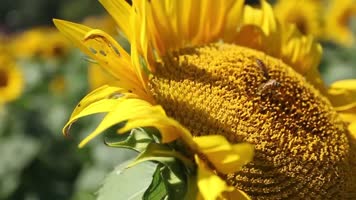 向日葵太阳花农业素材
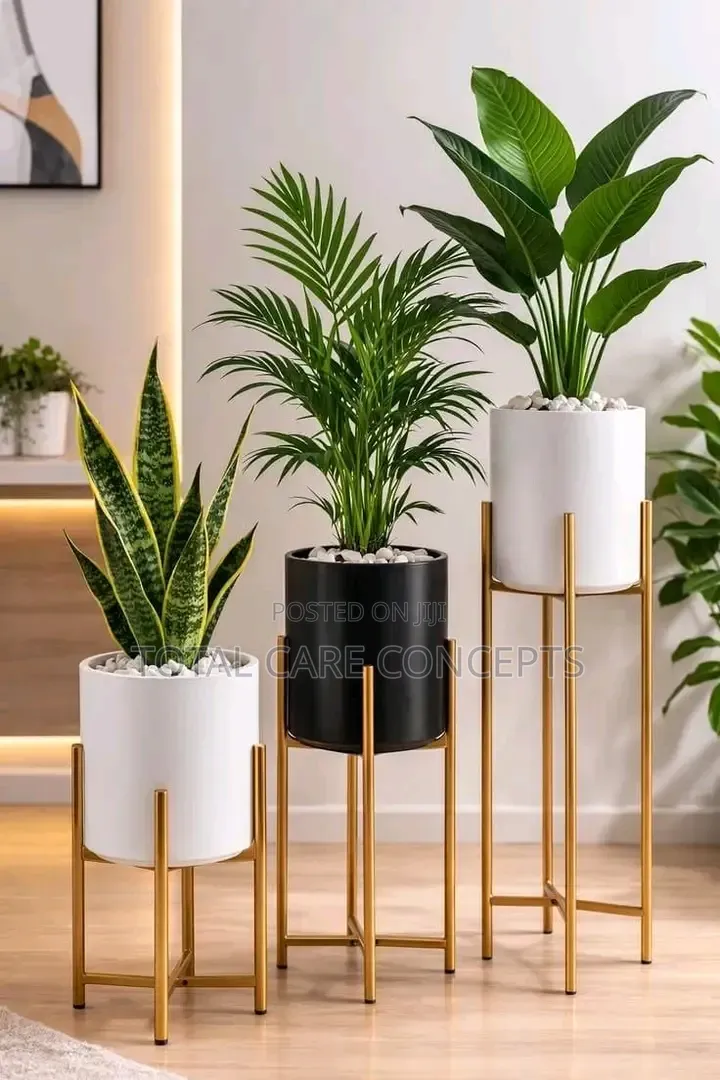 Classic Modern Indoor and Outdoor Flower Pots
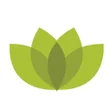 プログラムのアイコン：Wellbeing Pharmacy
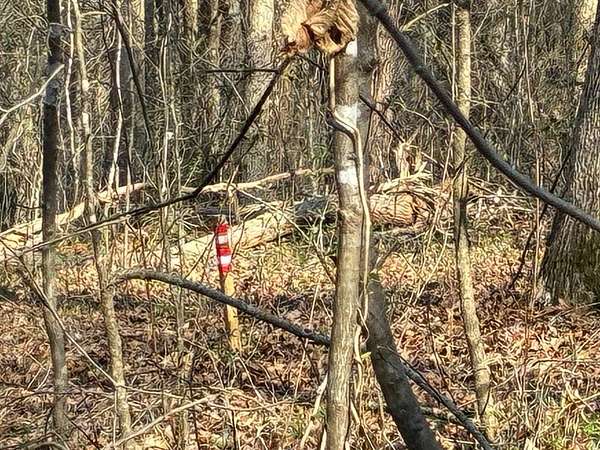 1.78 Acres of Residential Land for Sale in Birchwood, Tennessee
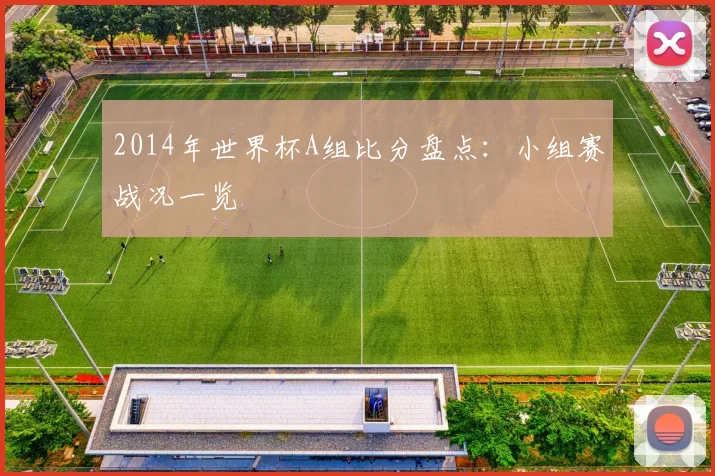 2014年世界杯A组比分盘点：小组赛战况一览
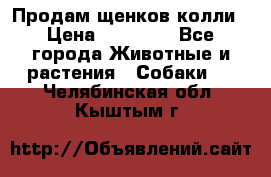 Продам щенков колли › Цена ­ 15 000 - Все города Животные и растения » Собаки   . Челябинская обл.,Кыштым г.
____
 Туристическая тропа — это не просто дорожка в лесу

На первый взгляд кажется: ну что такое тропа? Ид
____
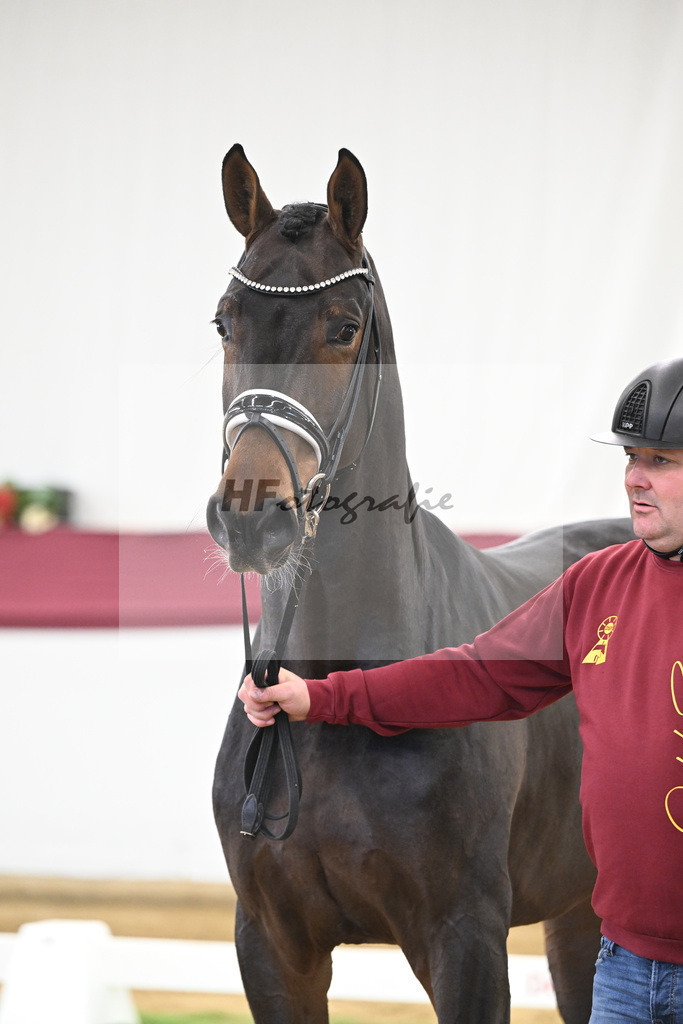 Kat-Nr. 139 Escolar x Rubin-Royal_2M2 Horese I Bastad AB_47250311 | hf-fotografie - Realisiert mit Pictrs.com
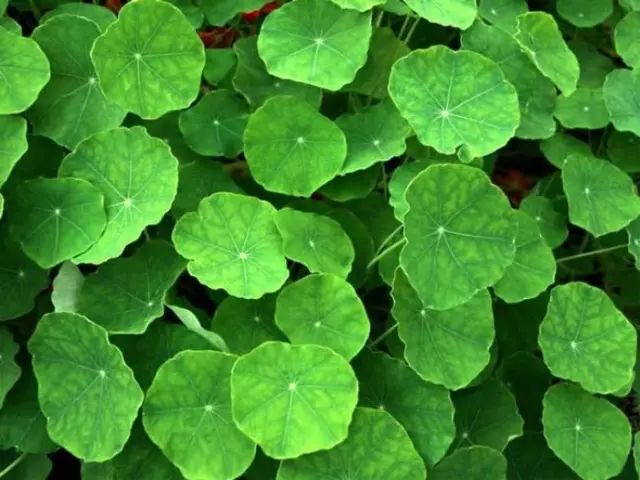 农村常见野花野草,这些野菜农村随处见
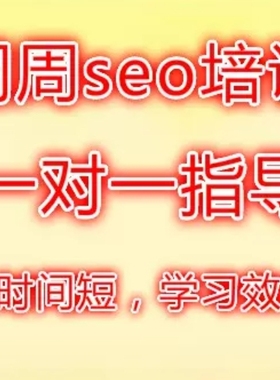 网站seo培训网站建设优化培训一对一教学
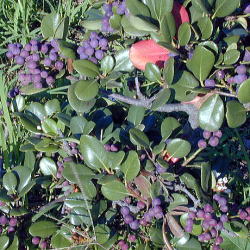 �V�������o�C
____
* [AIM OF THE EXERCISE]: I'd like the lines above repeated exactly, from the one that contains "Classic Modern Indoor" through the one that contains "Продам щенков колли", with no pictures.

* [ANSWER FOR THE TASK]:
 Classic Modern Indoor and Outdoor Flower Pots
 プログラムのアイコン：Wellbeing Pharmacy
 1.78 Acres of Residential Land for Sale in Birchwood, Tennessee
 2014年世界杯A组比分盘点：小组赛战况一览
 Продам щенков колли › Цена ­ 15 000 - Все города Животные и растения » Собаки   . Челябинская обл.,Кыштым г.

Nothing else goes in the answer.